The consideration for the assignment of the foregoing lease was $2,000 which
has been paid and a 5% overriding royalty.  The foregoing lease has never
produced oil and/or gas and there is no assurance that the lease will ever
produce oil and/or gas or that the Company will ever explore for oil and/or
gas on the foregoing lease.  Mr.

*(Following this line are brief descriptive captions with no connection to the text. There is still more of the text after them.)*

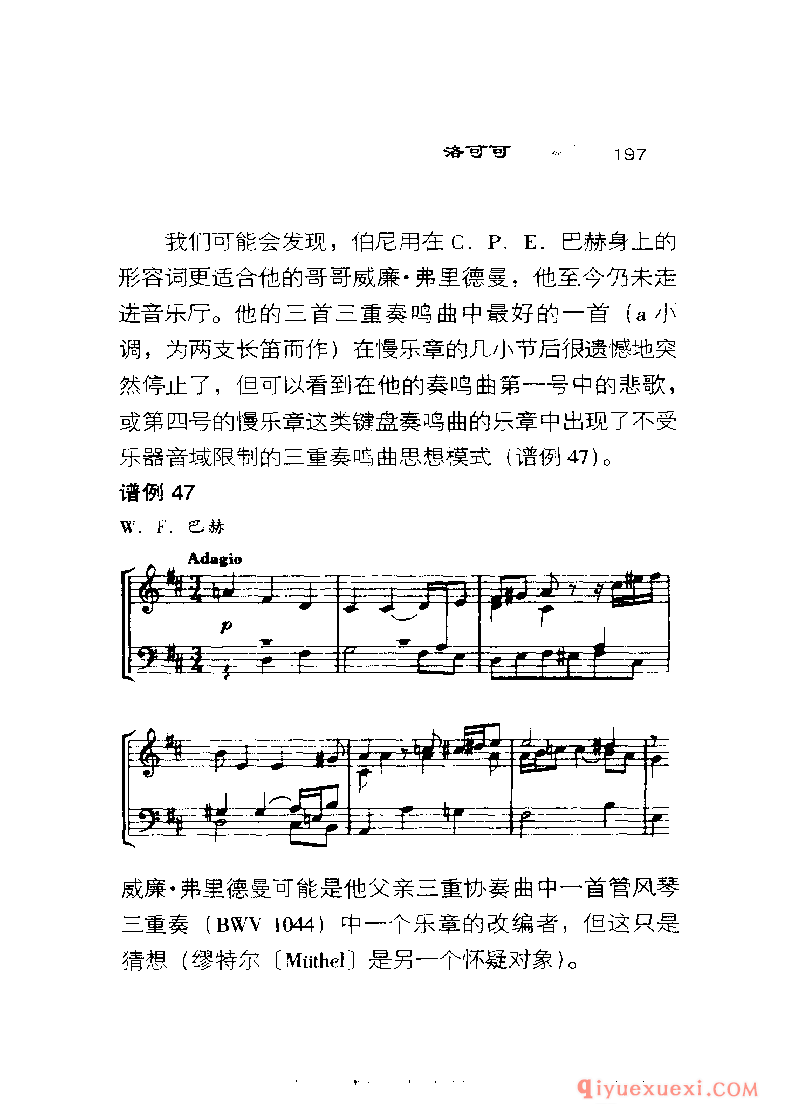 BBC音乐导读40电子书《三重奏鸣曲 The Trio Sonata》PDF电子版免费下载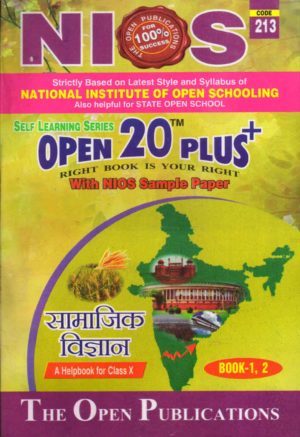 Nios 213-Social science OPEN 20 PLUS Self Learning Material (Hindi Medium) Revision Books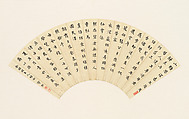 Poem by Chao Wujiu, Bao Xi  Chinese, Folding fan mounted as an album leaf; ink on paper, China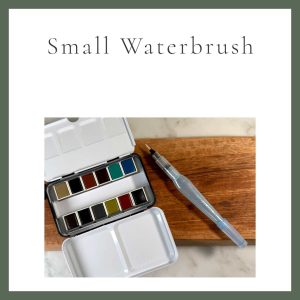 Waterbrush Small | Fine Tip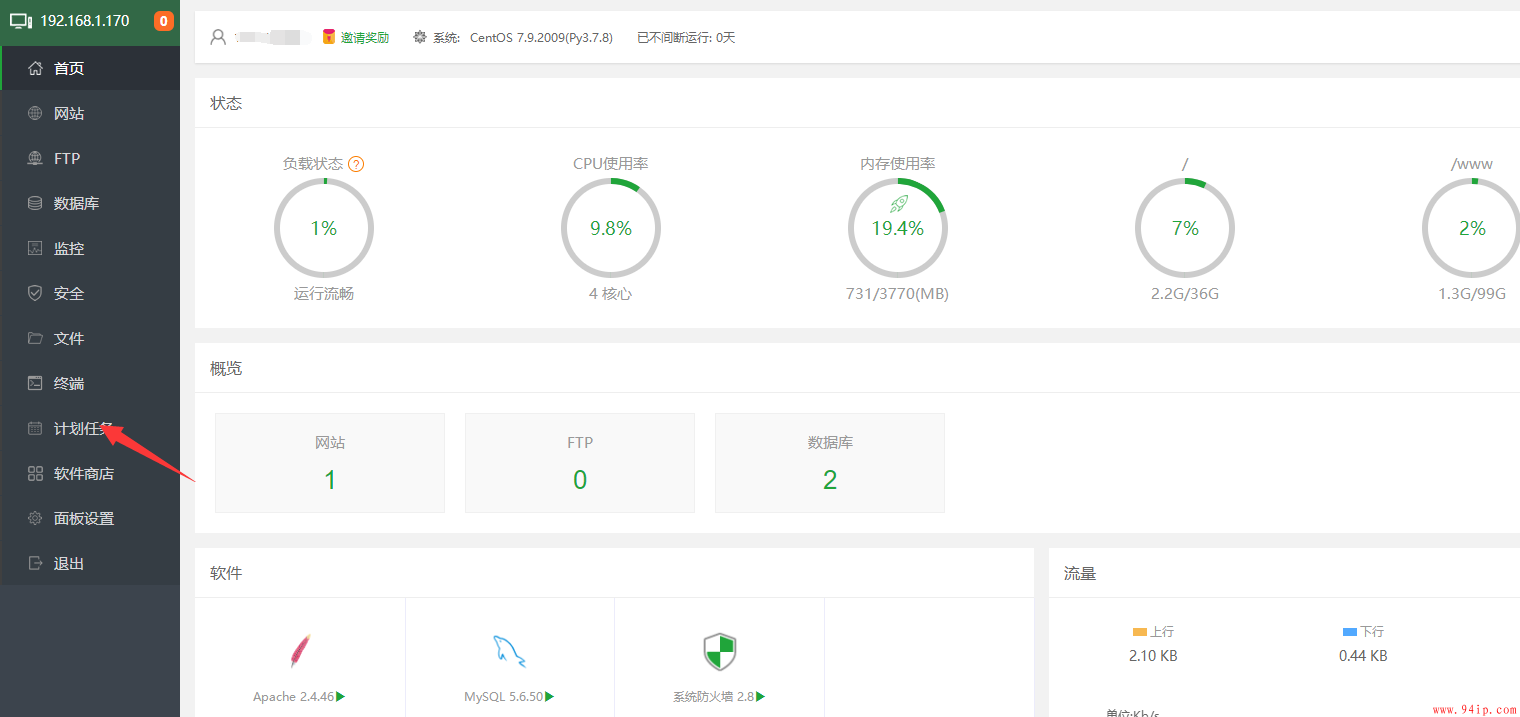 centos服务器宝塔面板怎么设置定时备份网站以及mysql数据库？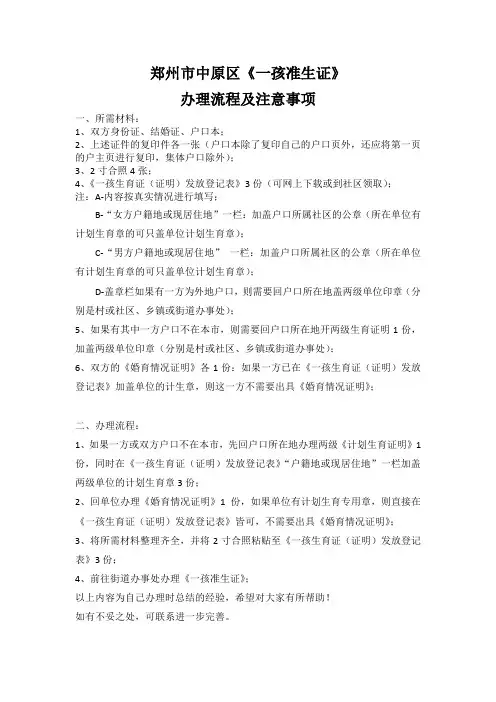 郑州市中原区准生证办理的流程及注意事项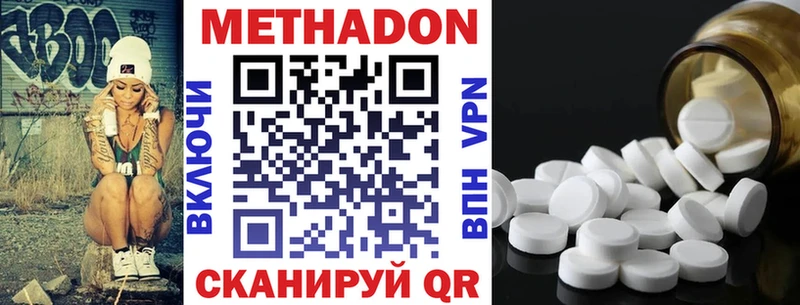 МЕТАДОН VHQ Лебедянь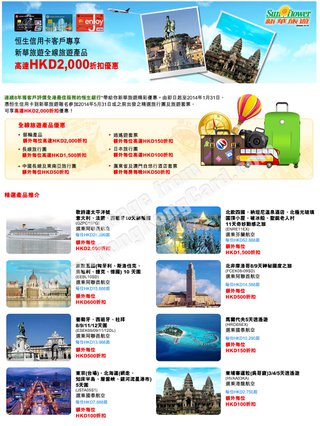 ​恒生信用卡客戶專享新華旅遊全線旅遊產品高達$2,000折扣優惠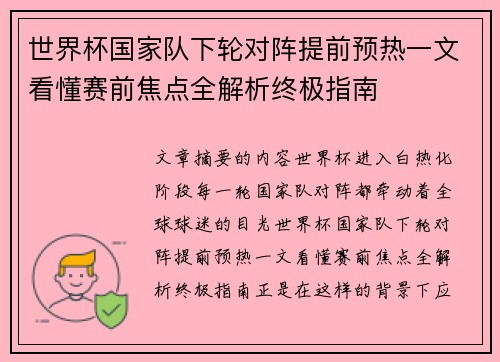 世界杯国家队下轮对阵提前预热一文看懂赛前焦点全解析终极指南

Calvert is not affiliated with the Company
or any of its officers and directors.


ITEM 8.   LEGAL PROCEEDINGS.

     The Company is not a party to any litigation and to its knowledge, no
action, suit or proceedings against it has been threatened by any person.


ITEM 9.   MARKET PRICE OF AND DIVIDENDS ON THE COMPANY'S COMMON EQUITY AND
          RELATED STOCKHOLDER MATTERS.

     No market exists for the Company's securities and there is no assurance
that a regular trading market will develop, or if developed, that it will be
sustained.  A shareholder in all likelihood, therefore, will be unable to
resell the securities referred to herein should he or she desire to do so. 
Furthermore, it is unlikely that a lending institution will accept the
Company's securities as pledged collateral for loans unless a regular trading
market develops.

     There are no plans, proposals, arrangements or understandings with any
person with regard to the development of a trading market in any of the
Company's securities.

     As of November 25, 1996, the Company has 11 holders of record of its
Common Stock.

     The Company has not paid any dividends since it is inception and does
not anticipate paying any dividends on its Common Stock in the foreseeable
future.


ITEM 10.  RECENT SALES OF UNREGISTERED SECURITIES.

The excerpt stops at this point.